Pick every line out of the entries below that has the string "Auto", and copy it.
BEGIN DATASET ENTRIES
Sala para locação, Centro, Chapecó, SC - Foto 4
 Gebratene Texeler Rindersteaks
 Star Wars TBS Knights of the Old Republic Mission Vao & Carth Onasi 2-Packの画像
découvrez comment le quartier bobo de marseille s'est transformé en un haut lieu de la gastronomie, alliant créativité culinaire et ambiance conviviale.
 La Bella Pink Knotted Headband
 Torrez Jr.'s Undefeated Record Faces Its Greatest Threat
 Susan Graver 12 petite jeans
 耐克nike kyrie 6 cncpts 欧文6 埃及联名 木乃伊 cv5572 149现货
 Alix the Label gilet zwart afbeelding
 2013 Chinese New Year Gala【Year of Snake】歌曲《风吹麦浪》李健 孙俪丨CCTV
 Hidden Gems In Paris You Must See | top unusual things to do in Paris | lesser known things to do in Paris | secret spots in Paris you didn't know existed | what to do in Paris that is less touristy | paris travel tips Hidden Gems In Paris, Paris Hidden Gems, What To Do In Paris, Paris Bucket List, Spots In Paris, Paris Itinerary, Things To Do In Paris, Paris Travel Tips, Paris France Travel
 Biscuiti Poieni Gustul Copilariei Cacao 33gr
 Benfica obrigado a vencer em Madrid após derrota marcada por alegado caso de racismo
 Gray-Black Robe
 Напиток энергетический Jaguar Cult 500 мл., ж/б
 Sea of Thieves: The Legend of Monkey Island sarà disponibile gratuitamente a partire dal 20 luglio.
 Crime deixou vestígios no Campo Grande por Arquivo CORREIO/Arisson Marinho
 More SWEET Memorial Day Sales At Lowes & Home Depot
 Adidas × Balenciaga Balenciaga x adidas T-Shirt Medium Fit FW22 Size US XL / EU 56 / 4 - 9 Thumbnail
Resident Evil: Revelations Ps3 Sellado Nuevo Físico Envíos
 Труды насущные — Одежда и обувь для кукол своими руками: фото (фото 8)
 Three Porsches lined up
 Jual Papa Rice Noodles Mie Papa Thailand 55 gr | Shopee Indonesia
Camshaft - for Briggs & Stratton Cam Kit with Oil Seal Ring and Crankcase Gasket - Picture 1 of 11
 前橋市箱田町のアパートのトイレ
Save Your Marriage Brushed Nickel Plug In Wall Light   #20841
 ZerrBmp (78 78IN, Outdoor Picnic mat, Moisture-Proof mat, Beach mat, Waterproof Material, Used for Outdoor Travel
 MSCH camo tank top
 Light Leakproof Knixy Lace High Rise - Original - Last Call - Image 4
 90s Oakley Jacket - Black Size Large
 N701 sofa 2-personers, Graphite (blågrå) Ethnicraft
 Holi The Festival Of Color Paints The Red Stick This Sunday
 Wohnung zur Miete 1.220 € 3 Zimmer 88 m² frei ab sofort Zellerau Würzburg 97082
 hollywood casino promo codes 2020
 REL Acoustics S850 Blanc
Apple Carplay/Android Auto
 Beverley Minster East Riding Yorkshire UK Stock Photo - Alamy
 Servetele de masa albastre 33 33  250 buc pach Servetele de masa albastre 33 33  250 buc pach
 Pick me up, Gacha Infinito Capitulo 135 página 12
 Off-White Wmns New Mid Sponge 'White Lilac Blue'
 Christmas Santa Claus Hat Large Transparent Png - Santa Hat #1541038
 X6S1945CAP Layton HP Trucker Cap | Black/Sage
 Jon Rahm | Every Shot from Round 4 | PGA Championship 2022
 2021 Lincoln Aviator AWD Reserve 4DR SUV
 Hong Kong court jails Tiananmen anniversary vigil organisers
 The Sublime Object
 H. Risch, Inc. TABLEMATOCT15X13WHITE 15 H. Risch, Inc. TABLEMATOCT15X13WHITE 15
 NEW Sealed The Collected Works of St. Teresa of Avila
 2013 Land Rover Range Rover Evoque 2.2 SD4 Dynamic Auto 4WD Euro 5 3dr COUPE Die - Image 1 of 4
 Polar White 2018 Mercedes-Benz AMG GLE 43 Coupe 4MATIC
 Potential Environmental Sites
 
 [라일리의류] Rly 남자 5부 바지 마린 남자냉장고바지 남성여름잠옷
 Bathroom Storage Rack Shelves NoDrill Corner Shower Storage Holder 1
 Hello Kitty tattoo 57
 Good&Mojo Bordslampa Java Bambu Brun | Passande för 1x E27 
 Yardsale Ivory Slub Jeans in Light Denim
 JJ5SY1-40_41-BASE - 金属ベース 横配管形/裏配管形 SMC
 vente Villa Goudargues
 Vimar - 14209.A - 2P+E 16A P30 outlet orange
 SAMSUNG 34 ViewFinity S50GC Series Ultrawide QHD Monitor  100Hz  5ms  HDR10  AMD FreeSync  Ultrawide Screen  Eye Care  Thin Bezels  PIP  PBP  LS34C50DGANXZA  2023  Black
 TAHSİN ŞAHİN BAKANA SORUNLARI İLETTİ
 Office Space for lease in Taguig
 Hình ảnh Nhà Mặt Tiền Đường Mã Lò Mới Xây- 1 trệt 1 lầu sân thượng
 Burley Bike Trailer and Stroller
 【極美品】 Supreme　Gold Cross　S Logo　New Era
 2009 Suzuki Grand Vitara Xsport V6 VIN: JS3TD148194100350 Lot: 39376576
END DATASET ENTRIES
*WRITTEN SOLUTION*.
Apple Carplay/Android Auto
 2013 Land Rover Range Rover Evoque 2.2 SD4 Dynamic Auto 4WD Euro 5 3dr COUPE Die - Image 1 of 4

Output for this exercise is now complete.